Nella tradizione sarda, la vigilia di Natale era il momento della riunificazione del nucleo famigliare.

I pastori tornavano a casa, dopo mesi passati nei freddi ricoveri di montagna a pascolare il gregge. Sa Notte ‘e Xena (la Notte della Cena) era un momento importante celebrato attorno al focolare. Per l’occasione veniva predisposto un grosso ceppo, Su truncu ‘e xena, che doveva riscaldare le festività natalizie, e si consumavano i prodotti tradizionali che ancora oggi imbandiscono le tavole dei sardi, l’agnello, il capretto arrosto o il maiale, che non si mangiavano negli altri periodi dell’anno, formaggi e salsicce, i culurgione, il pane e i dolci tipici (amaretti, pane di sapa, croccante di mandorle ecc.), la frutta secca.

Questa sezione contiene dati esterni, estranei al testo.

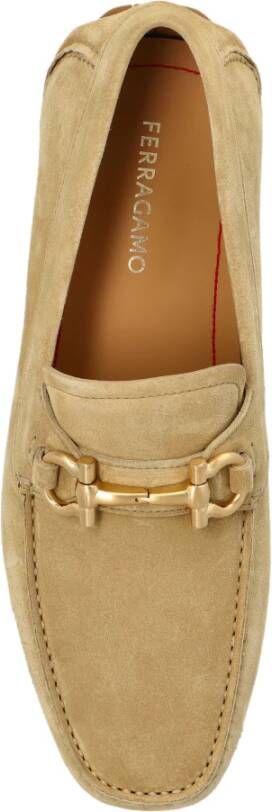 Ferragamo Parigi New Loafers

Era obbligatorio consumare tutto, perchè l’abbondanza non era una condizione frequente. Specialmente i bambini venivano ammoniti a riempirsi la pancia o sarebbero stati visitati durante il sonno da Maria Puntaborru o Palpaeccia, a seconda del paese, una megera che avrebbe controllato il loro stomaco e infilzato con uno spiedo quelli vuoti.

Dopo la cena ci si intratteneva ascoltando le storie e gli anedotti degli anziani o giocando a i giochi tradizionali, come Sa tombula (tombola), Su barralliccu (la trottola in legno) o Set’e mesu (Sette e mezzo). Al rintocco delle campane di mezzanotte iniziava Sa miss’e puddu, la messa di Natale che era la messa del primo canto del gallo, alla quale partecipavano tutti ranne le donne in lutto. Non era raro che durante questa celebrazione i festeggiamenti diventassero eccessivamente rumorosi, talvolta venivano sparati anche colpi di archibugio.